Your instructions: The reply should hold only the lines below from the one with "Royalty-Free (RF) Animal" to the end, each copied exactly.

Brief descriptive captions:
*** Begin section ***

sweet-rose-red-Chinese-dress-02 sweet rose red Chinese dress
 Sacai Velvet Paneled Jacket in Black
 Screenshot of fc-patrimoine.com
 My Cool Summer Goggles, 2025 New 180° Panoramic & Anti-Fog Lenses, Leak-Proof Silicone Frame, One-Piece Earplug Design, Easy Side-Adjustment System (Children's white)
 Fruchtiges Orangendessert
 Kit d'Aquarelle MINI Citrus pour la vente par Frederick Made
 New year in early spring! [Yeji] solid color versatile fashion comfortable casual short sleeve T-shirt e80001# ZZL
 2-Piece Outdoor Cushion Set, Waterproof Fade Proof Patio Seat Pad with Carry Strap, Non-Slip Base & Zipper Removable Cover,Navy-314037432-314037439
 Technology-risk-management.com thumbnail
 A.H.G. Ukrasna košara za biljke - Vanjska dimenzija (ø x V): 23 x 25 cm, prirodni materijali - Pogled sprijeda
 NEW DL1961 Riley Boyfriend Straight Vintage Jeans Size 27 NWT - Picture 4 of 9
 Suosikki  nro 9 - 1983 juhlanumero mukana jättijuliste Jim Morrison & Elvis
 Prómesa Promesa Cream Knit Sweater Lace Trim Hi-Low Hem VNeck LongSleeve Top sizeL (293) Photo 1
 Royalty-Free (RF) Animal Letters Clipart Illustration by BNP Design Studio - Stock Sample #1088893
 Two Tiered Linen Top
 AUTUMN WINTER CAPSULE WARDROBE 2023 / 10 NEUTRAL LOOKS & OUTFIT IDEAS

*** End section ***

Output for this task:
 Royalty-Free (RF) Animal Letters Clipart Illustration by BNP Design Studio - Stock Sample #1088893
 Two Tiered Linen Top
 AUTUMN WINTER CAPSULE WARDROBE 2023 / 10 NEUTRAL LOOKS & OUTFIT IDEAS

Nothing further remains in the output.